So you're arguing semantics?

I think you're reading too much into this thing you've heard---the point they (surely) were making is that there are no ``anti-photons'', in the way we have positrons, which are anti-electrons.

Well, I have been at OSU for a year and I haven't seen Tseytlin once. He is a very good physicist, but one of the graduate students here told me that he likes his graduate students to be like TV dinners---he doesn't want to have to train them that much. As far as Samir's track record---it depends on what you think of his fuzzballs. If you agree with his interpretation of stringy black holes, then he has explained some of the biggest problems in that field. Aside from that, he's probably the best teacher that I've ever had---I am very much looking forward to his String Theory lectures next fall.
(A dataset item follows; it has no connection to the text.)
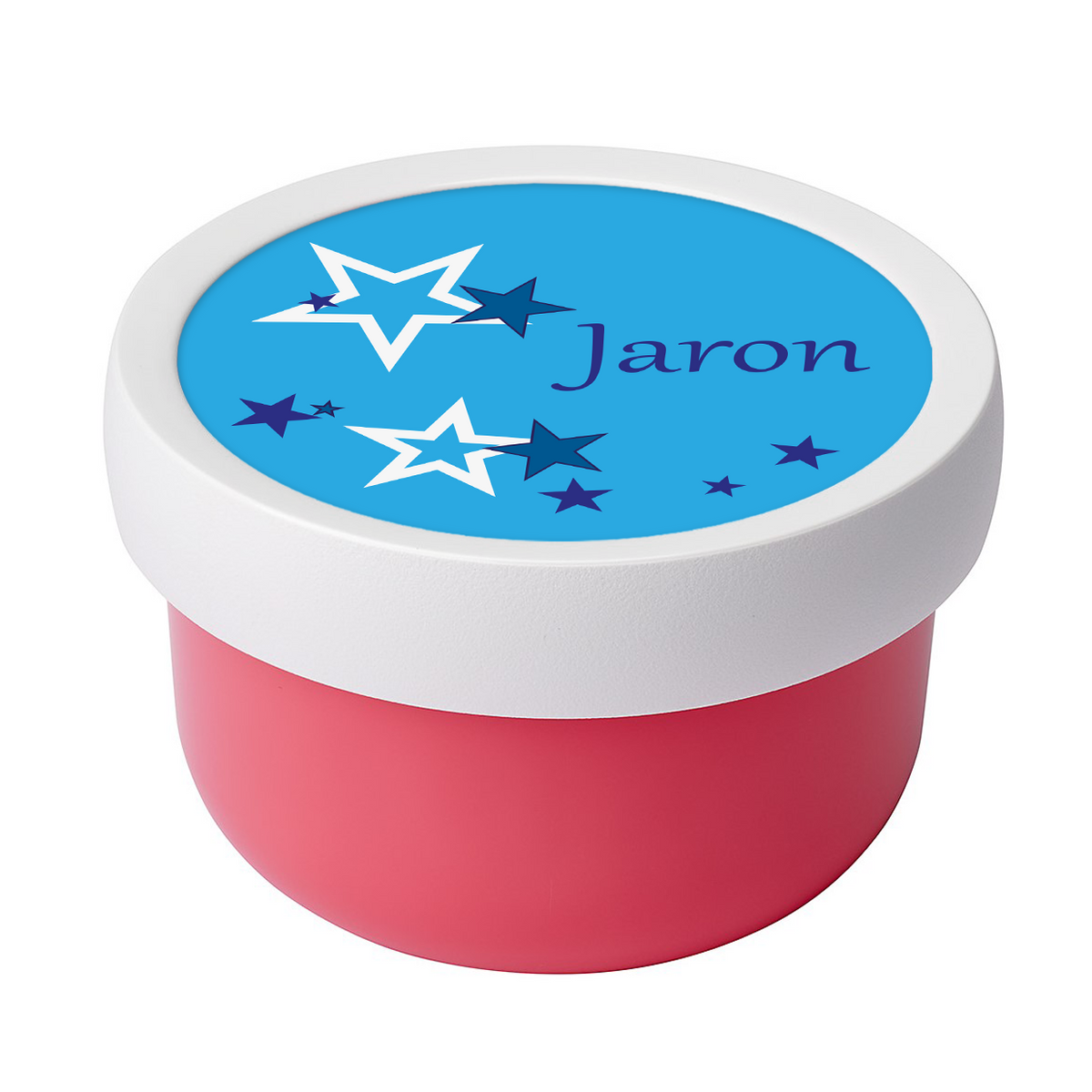 MEPAL Snackbox Sternchen blau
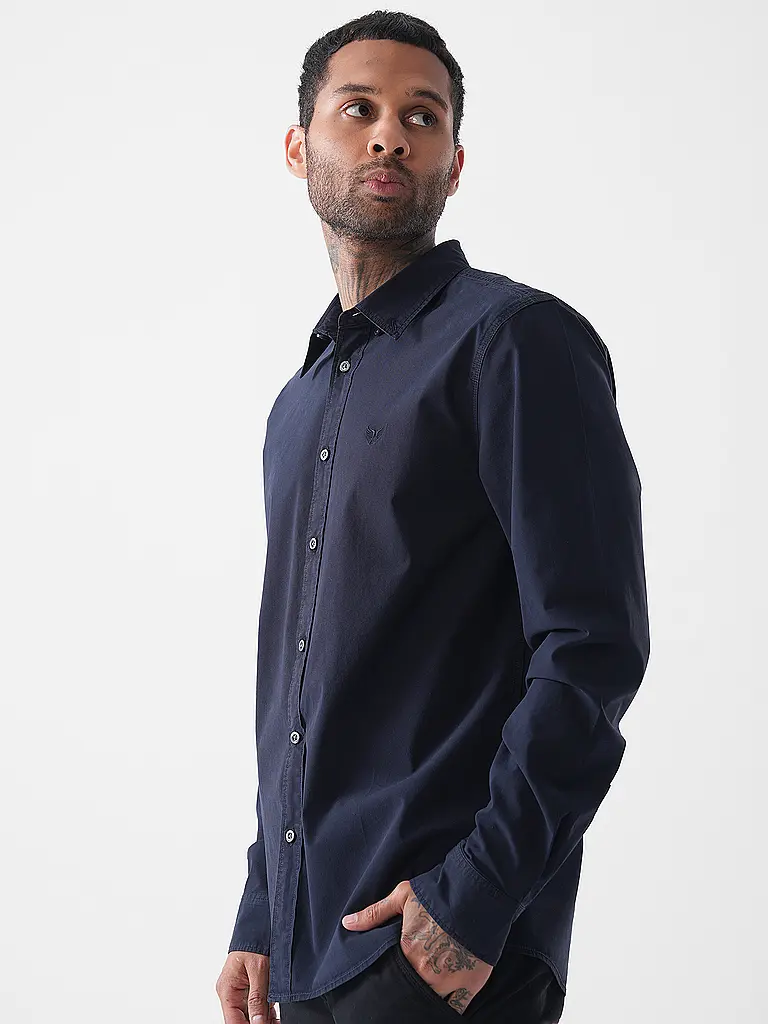PME LEGEND | Hemd Regular Fit  | dunkelblau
Cosmology is very interesting, but it is not really my bag---I am much more interested in the particle physics side of things (and my advisor is Stuart Raby). Right now I am fighting with C++, teaching it to do calculations that I could do myself, but which would take me too long. You are right, though---if I were REALLY looking for a faculty position, I'd find someone who was on the Planck Explorer experiment. Most of the WMAP grad students got post docs partly because they had access to the data (this is a rumor, to be clear!). Either that, or do particle phenomenology for LHC or ILC. And I am a first year grad student, but in name only. I have a Master's degree from Baylor University, where I worked with Gerry Cleaver, also doing stringy model building.

I am a ``stringer''. I'm a grad student at OSU. Also, are you counting journal articles or preprints (i.w. arxiv.org or spires)? I was thinking of preprints earlier, when I made my comments about a surge around September. This would make sense, as well, because it usually takes a few months to go from preprint to refereed article.